- **Input data**:
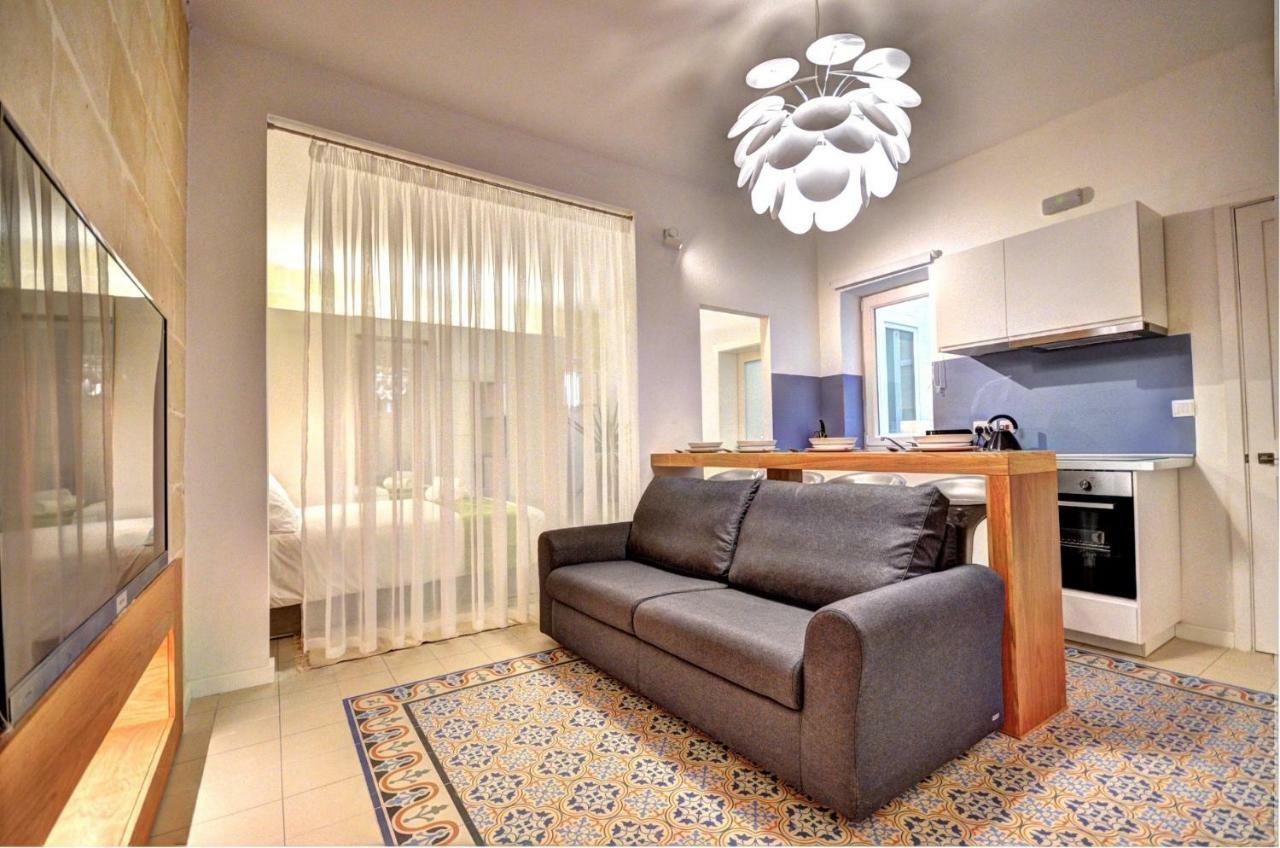 Moon Stone Apartment Valletta Exterior photo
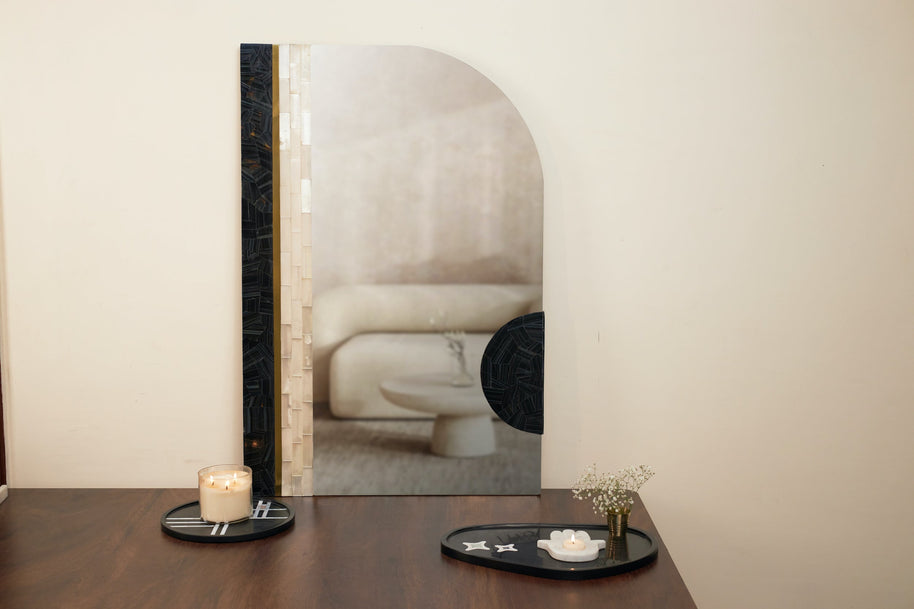 Miar Mirror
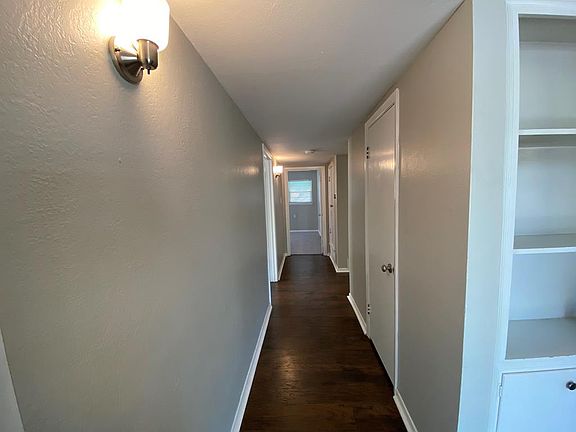 3rd image of 1415 Nabors Ln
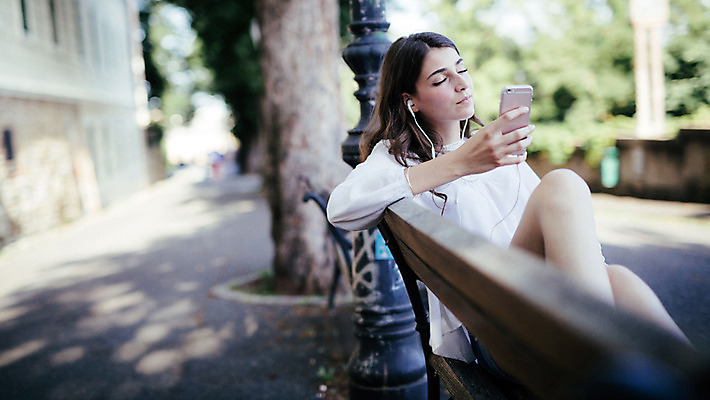 포토 JPG 주간 외국인 여자 이어폰 벤치 데이트 거리 한명 들기 앉기 20대 성인 야외 스마트폰 눈감음 음악감상 로맨틱 도시 연애 크로아티아 성인여자한명만 국내포토 자연요소 1 유럽 음향기기 컨셉 의자 모션 사람 인종 청년 핸드폰 스마트기기 감상 여자한명만 성인여자만 파일형식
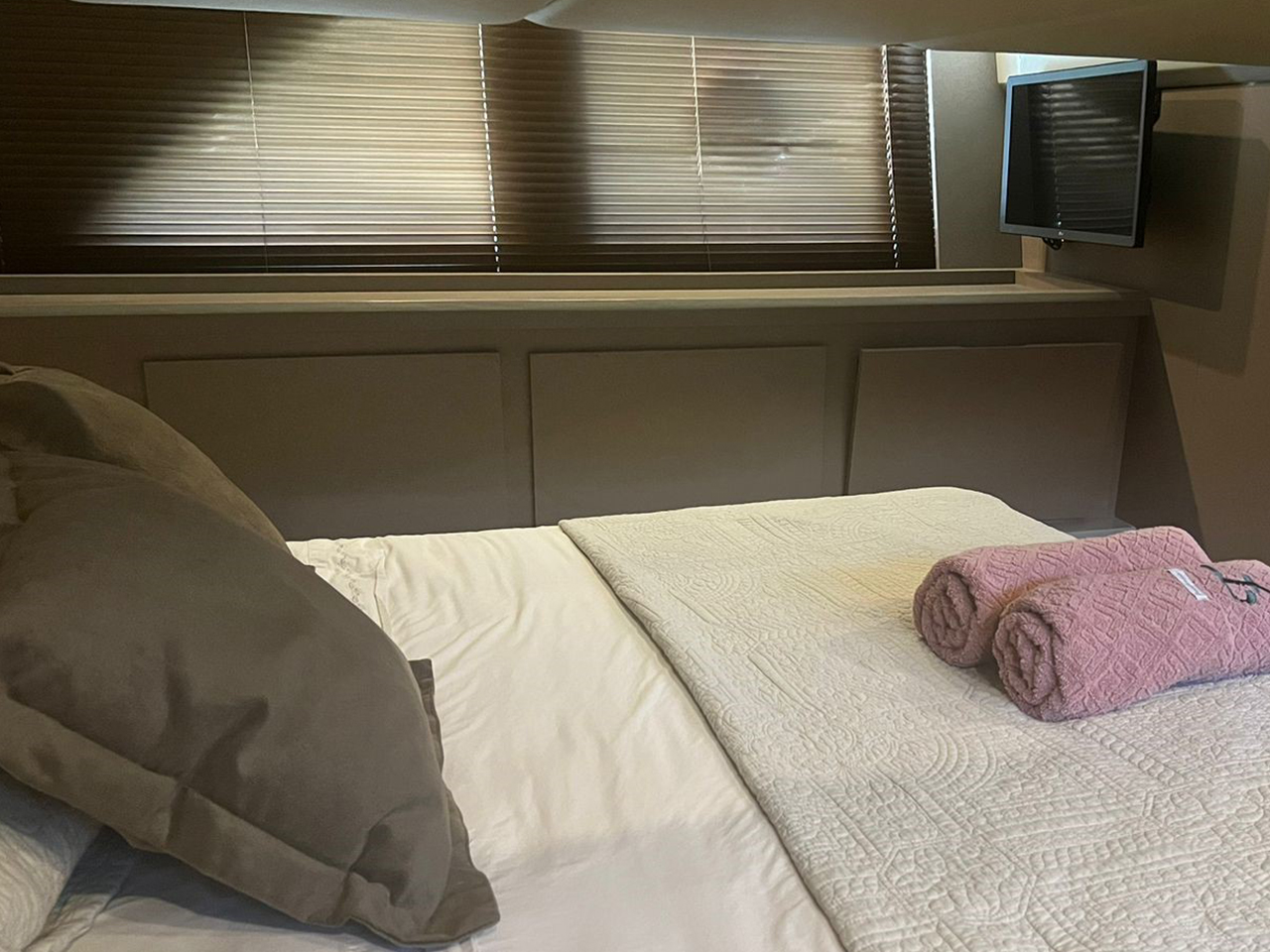 Triton 470 Fly 2022 www.mareconsult.com.br (13)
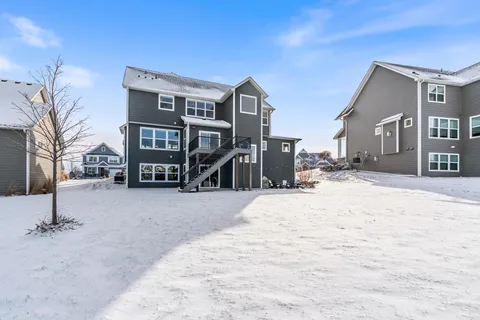 $1,200,000 | 7529 Urbandale Lane North, Maple Grove, MN 55311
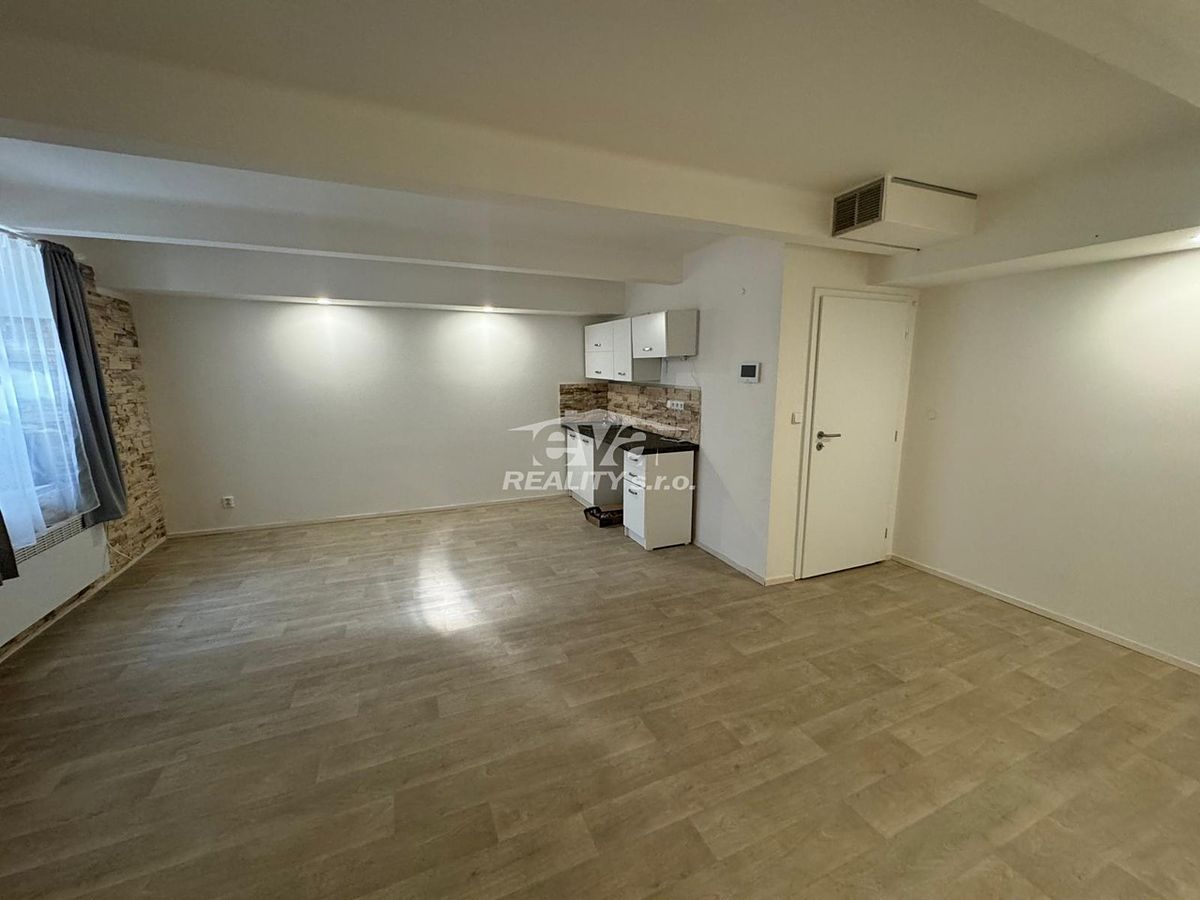 Prodej kanceláře 46 m² – fotografie 4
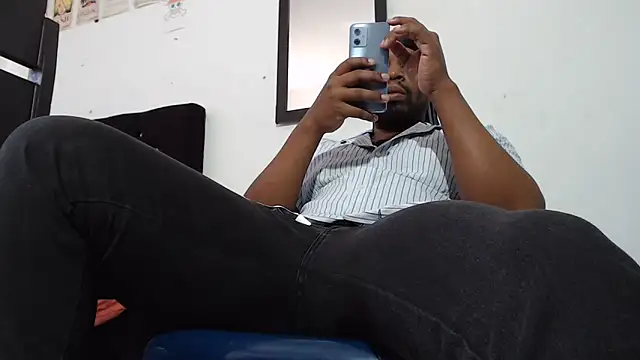 Snapshot of strong__anthony chatting on 11, 6, 2026 strong anthony online show from 11, 6, 2026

- **Activity**:
Images in the data above are to be skipped. Retype all other material exactly.

- **Solved exercise**:
 Moon Stone Apartment Valletta Exterior photo
 Miar Mirror
 3rd image of 1415 Nabors Ln
 포토 JPG 주간 외국인 여자 이어폰 벤치 데이트 거리 한명 들기 앉기 20대 성인 야외 스마트폰 눈감음 음악감상 로맨틱 도시 연애 크로아티아 성인여자한명만 국내포토 자연요소 1 유럽 음향기기 컨셉 의자 모션 사람 인종 청년 핸드폰 스마트기기 감상 여자한명만 성인여자만 파일형식
 Triton 470 Fly 2022 www.mareconsult.com.br (13)
 $1,200,000 | 7529 Urbandale Lane North, Maple Grove, MN 55311
 Prodej kanceláře 46 m² – fotografie 4
 Snapshot of strong__anthony chatting on 11, 6, 2026 strong anthony online show from 11, 6, 2026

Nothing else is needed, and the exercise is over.